President Trump on Monday signaled a potential shift in his administration’s strategy with a late Sunday night tweet saying “ we cannot let the cure be worse than the problem itself.” He said he would evaluate the administration’s containment strategy early next week after a 15-day period elapses.

Full story: Coronavirus is historically bad hit to business activity

Here’s my colleague Richard Partington on today’s dire PMI reports:

The scale of the global economic damage amid the coronavirus outbreak is becoming clearer after early warning signs showed the steepest plunge in business activity ever recorded in Britain, Japan and the eurozone.

As the pandemic intensifies and more countries shut down large parts of their economies to contain the spread of the virus, the closely-watched purchasing managers indices (PMI) for several of the world’s biggest economies fell to the lowest levels since records began more than two decades ago.

With the world sinking into a deep recession, the UK flash PMI for the service sector – which includes restaurants, hotels and banks and accounts for about 80% of the UK economy – crashed to 35.7 on an index where anything above 50.0 separates growth from contraction.

The collapse on the index, which is closely monitored by the Treasury and the Bank of England, outstripped the slump recorded during the depths of the 2008 financial crisis, as emergency public health measures disrupt supply chains and demand for goods and services evaporates.

Ryanair pleads for patience as flights are grounded

Ryanair boss Michael O’Leary has asked customers for patience with the processing of refunds or rebooking, in the midst of some passenger disgruntlement with the carrier’s response to the coronavirus.

O’Leary said that Ryanair had reduced its office staff by 50% “for social distancing reasons” and was struggling to deal with anything but the most urgent cases and rescue flights.

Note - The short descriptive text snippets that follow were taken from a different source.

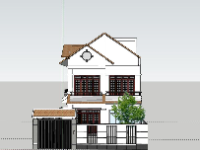 Sketchup Nhà phố 2 tầng 7x20m đẹp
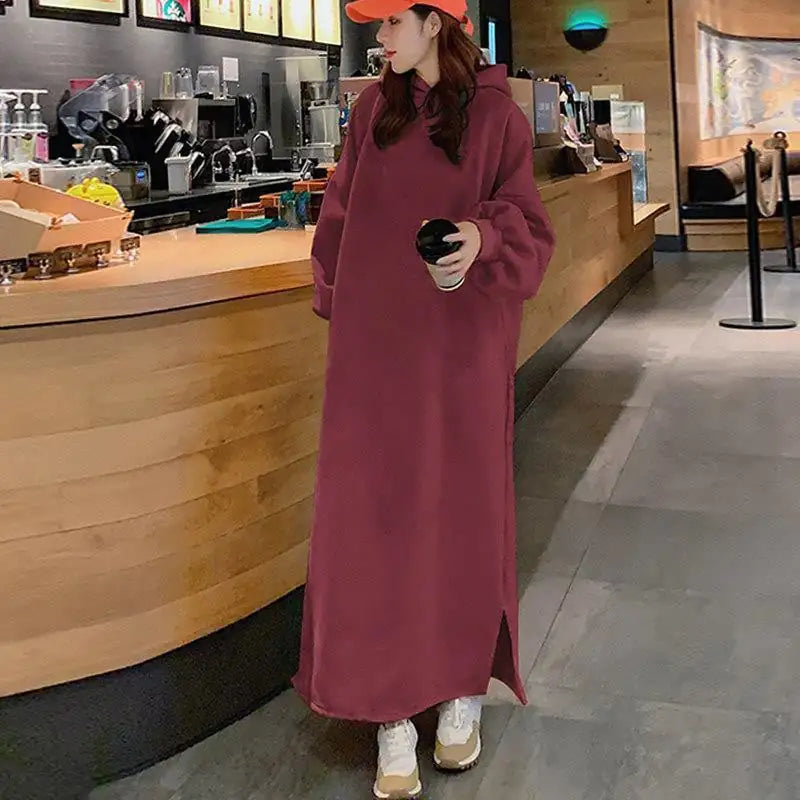 Extra Long Fleece Sweater Dress with Loose Fit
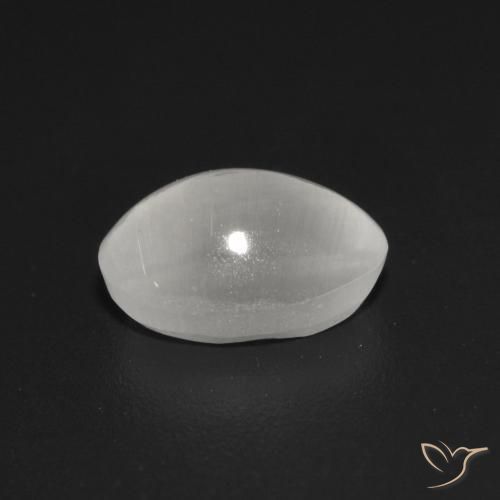 Sillimanite œil de chat Blanc naturelle ovale, 1.16 ct, Transparent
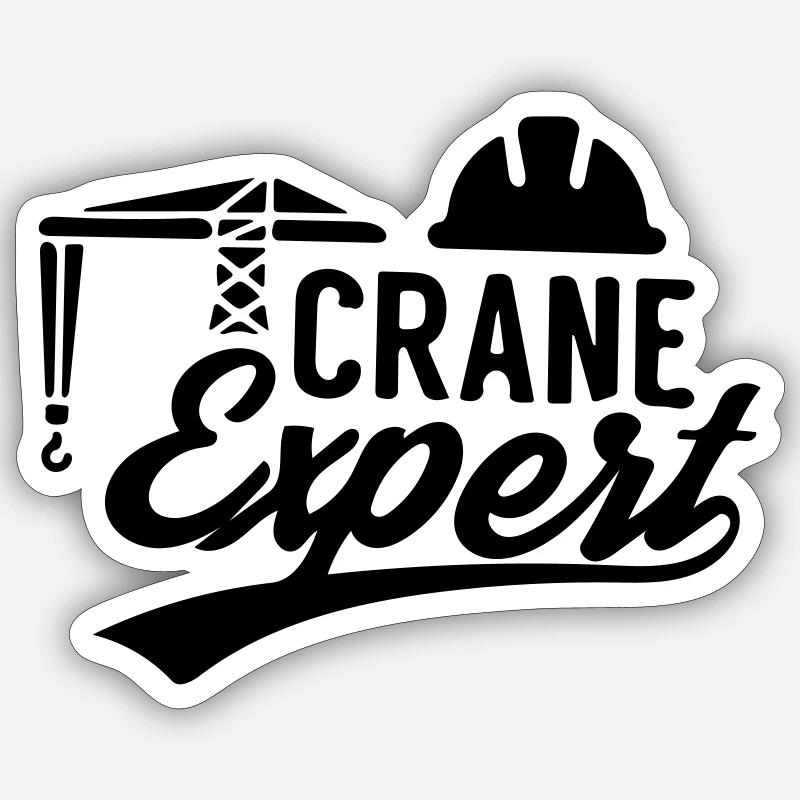 Kranexperte Kranführer Kranführer Krane - Sticker Größe S (10 x 10 cm) - Mattweiß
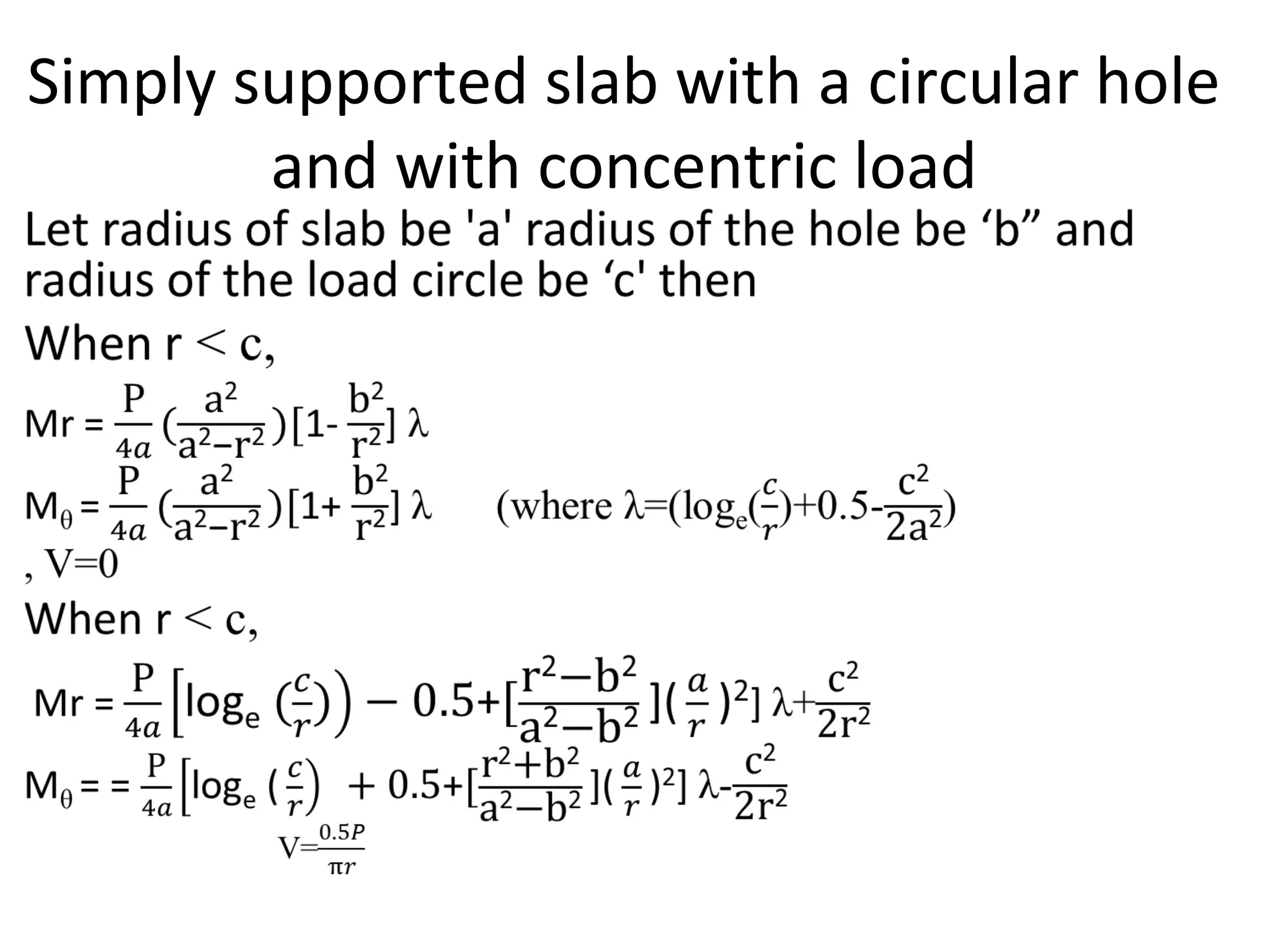 Simply supported slab with a circular hole
and with concentric load
 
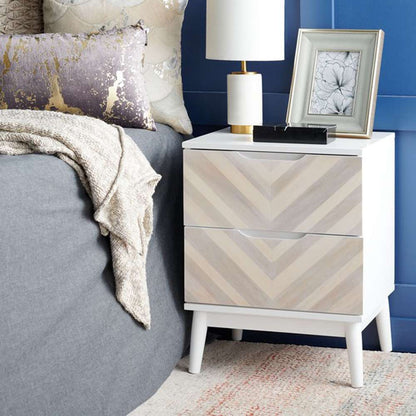 Safavieh - Tay 2Drw Patterned Night Stand - White Washed - NST5011A veiw 3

He urged customers not to call, and they would be emailed in the next fortnight.

However, the consumer association Which? said that Ryanair was leaving customers stranded, especially in Spain. It warned passengers abroad not to accept refunds from airlines if they needed to get home, as it would mean they were no longer responsible for rerouting them onto alternative flights.

The Irish carrier, which has not over the years built a store of goodwill from customers, expects virtually all flights to be grounded from today. O’Leary said it had offered its aircraft to EU governments for rescue flights and for the movement of vital medicines and supplies.

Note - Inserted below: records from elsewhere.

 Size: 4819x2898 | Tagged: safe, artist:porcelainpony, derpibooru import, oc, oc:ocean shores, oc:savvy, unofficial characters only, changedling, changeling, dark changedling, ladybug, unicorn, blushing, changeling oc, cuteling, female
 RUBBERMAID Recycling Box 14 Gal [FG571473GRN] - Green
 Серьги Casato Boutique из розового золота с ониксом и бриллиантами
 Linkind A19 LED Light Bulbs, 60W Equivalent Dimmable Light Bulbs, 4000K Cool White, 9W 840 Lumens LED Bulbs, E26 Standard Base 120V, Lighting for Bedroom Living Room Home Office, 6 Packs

O’Leary added that “this crisis will pass” and the airline was doing everything to keep its planes and crew operational and ready to return to flying when Europe is clear of the pandemic.

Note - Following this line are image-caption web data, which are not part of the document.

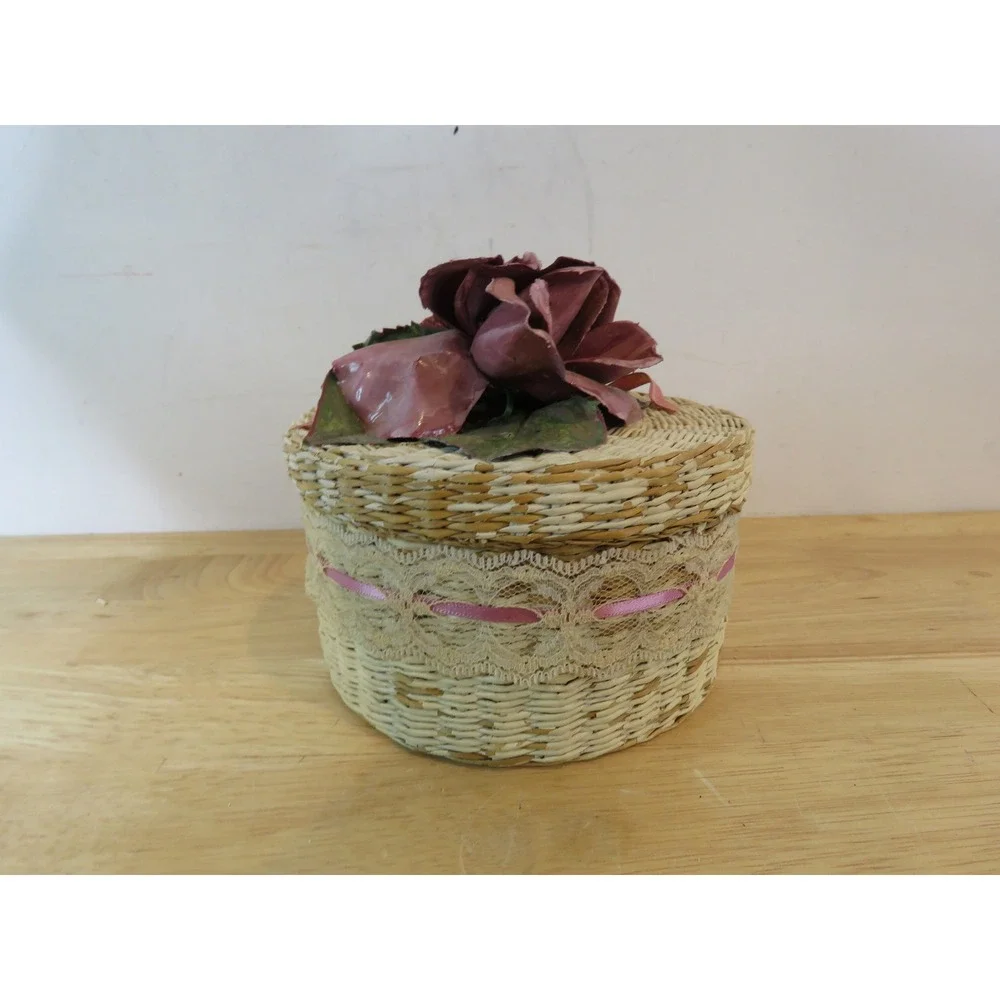 Vintage Floral Woven Nesting Baskets Set of 4 Decorative Lace Trim Storage Boxes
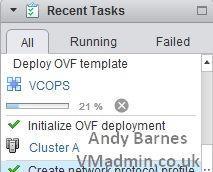 18. Monitor the OVF deployment task 19. Power on the vapp.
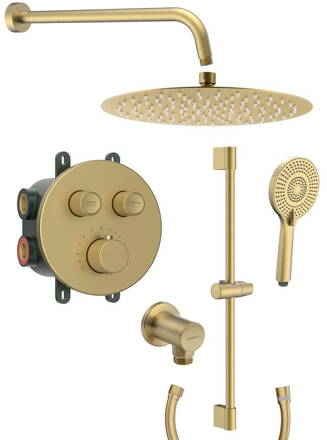SMART SELECT sprchový set s termostatickou batériou, 2 výstupy, posuvný držiak sprchy, zlato mat
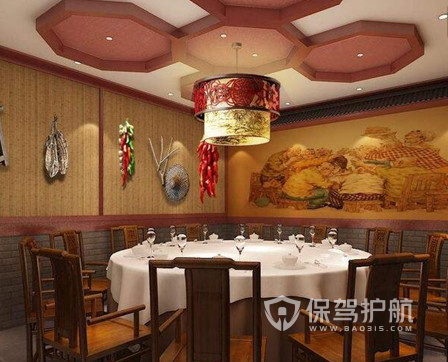中式风格饭店包厢吊灯设计效果图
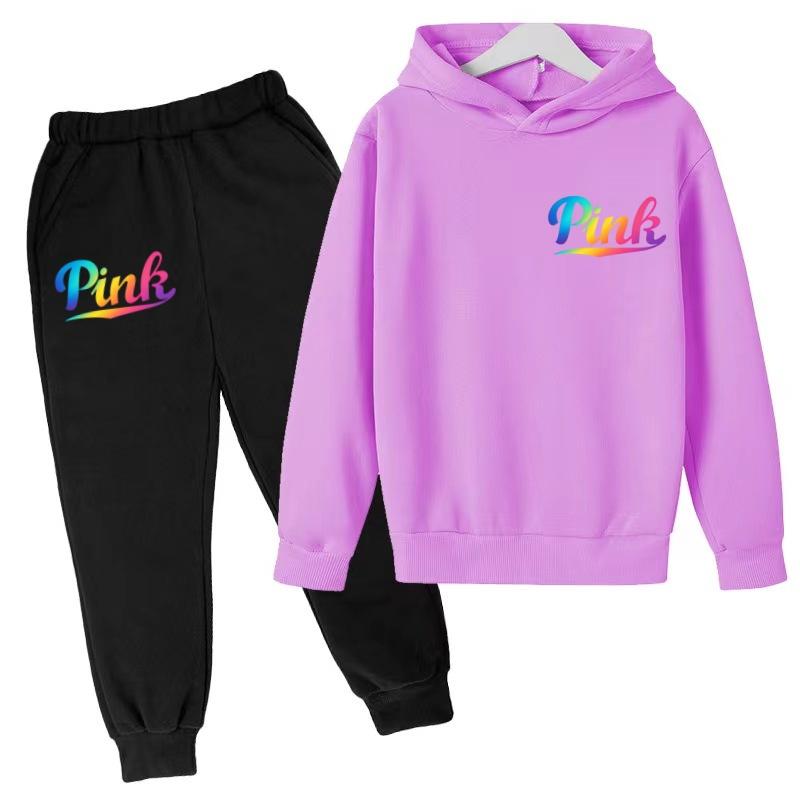 Kids Hoodie Pink Letters Print Coat Boy Girl Toddler 3-12 Years Charming Casual Clothing Top+Pants 2P Leisure Sports Fashion Set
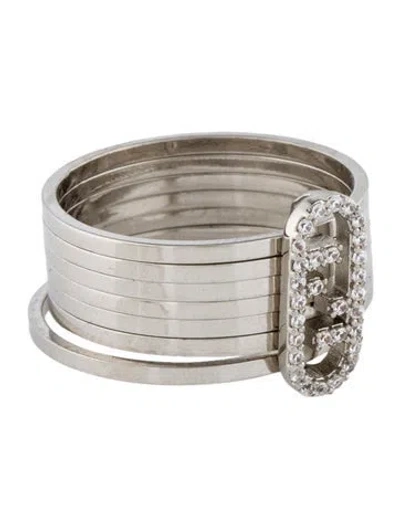 Pre-owned Fendi Crystal Cocktail Ring In Multi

Back in UK retail.... Sainsbury’s is to keep Argos concessions within its supermarkets open despite the chain falling outside the “essential retail” category of stores ordered to close by the government on Monday night.

The retail group’s standalone Argos stores and Habitat outlets have shut.

Shopworkers’ union Usdaw raised concerns that staff from Argos standalone stores had also been asked to work in Sainsbury’s supermarkets.

Dave Gill, Usdaw national officer said:

“With the overwhelming pressure on all food retailers it is inevitable that companies are going to look at redeploying staff within the business. However, this is extremely unsettling for staff in what are already difficult and testing times for everyone.

Bank of England: UK banks are strong enough to handle Covid-19

The Bank of England believes UK banks are strong enough to survive the coronavirus outbreak, despite forecasting a “more severe” short-term impact than its annual stress tests have been able to simulate.

In the minutes of its latest meeting, released this morning, the Financial Policy Committee said:

The FPC considered that the economic disruption associated with Covid-19 should have less impact on the core banking system than recent stress tests run by the Bank have shown the system can withstand.

It added:

The disruption from Covid-19 would likely be more severe than the stress test in the first phase but the FPC expected that it would ultimately be less protracted and lead to less output loss overall over the course of two years than the ACS [or annual cyclical scenario] which contained a very prolonged fall in output.

That should be reassuring, given that the bank’s most recent stress tests involved a 4.7% fall in UK GDP, a rise in unemployment to 9.2%, a 33% drop in house prices, an increase in interest rates to 4% and a near-30% drop in the value of the pound versus the US dollar.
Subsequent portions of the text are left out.